Max Lucado Goes Overboard on Grace
Protestant churches almost by definition are grounded on the doctrine of justification by grace through faith. Yet many of these very same churches fall into legalism or self-righteousness. Why does that happen, especially when grace is such good news?
This is exactly the reason Paul wrote the book of Galatians, and what he was trying to counterbalance in Rome—this tendency we have to fall back into legalism though we have been saved by grace. There are a few reasons for this.
First, everything else in the world is based on legalism. If I have to pay money to buy bread, then surely at some point I have to pay for my eternal bread with some type of work.
Second, down deep within us, we believe grace is too good to be true, and we feel better if we make some kind of contribution.
Third, teachers fear what people will do with grace: "If I really teach grace, is that couple in the fourth pew who are living together—are they really going to get out of that relationship and get married?"
We have several people in our church who practice a homosexual lifestyle. If I get up and say, "God loves you just where you are, and he's going to help you change," will they really get it as quickly as I want them to? I think there's a desire in us to control the time and way in which people grow in God. Grace is like opening a rainbow in the church and letting people see it, trusting that God is going to use all those colors and all that miracle to work out his will as he wants.
What are some signs that a church is really living in grace and not by law?
The spontaneous worship level of the church. Are people genuinely happy when they're there? I have a friend who says, "You can measure a husband by the face of his wife." And I think you can measure the amount of grace by the face of the church, just by their joy level. There's an energy. There's a simple contagious happiness there.
I think another outgrowth of grace is generosity. Jesus tells the parable of the man who was forgiven much and then demanded that the guy who owed him just a couple hundred bucks pay up. I think that's a picture of when grace did not work. This man thought he had worked the system instead of receiving grace. You counter that with the story of Zacchaeus; Jesus walked in his front door and greed walked out the back door; he wanted to give away half of what he owned. There's a picture of grace. It may be idealistic, but I really think that if we made grace a regular part of the church diet, we'd have happier people who are cheerful givers—and we wouldn't have to have so many campaigns on giving money.
Have you ever seen a church that's gone overboard on grace?
I never have. I've seen churches that have gone overboard on legalism. I think grace has this mystical ability to self correct.
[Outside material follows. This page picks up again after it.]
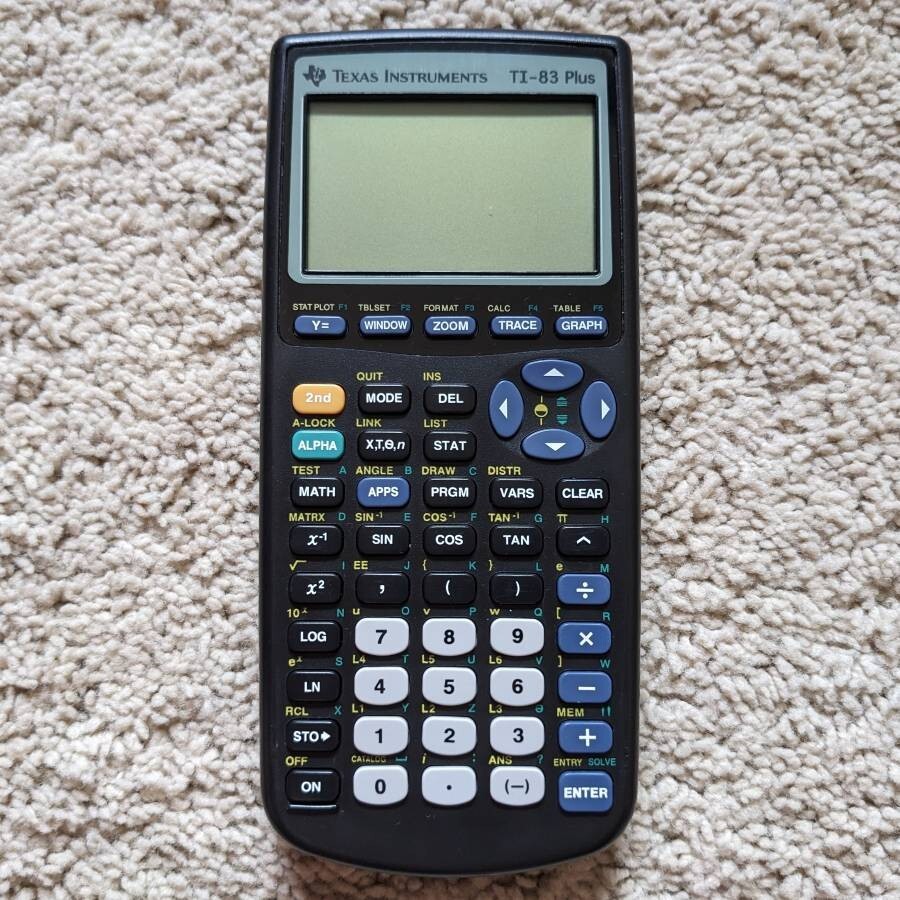 Texas Instruments TI-83 Plus 12-digit LCD screen graphing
The people I know who really walk with Christ, who live a life of grace, who believe they're saved, who believe that God loves them, who believe they've been adopted into the family—they just seem to self correct. They're sensitive to the Holy Spirit. They don't beat themselves up when they fall, and they don't fall on purpose to take advantage of grace. But it's the other folks, the folks who teach salvation by works, who live in fear of death, who seem somewhat limited in their joy.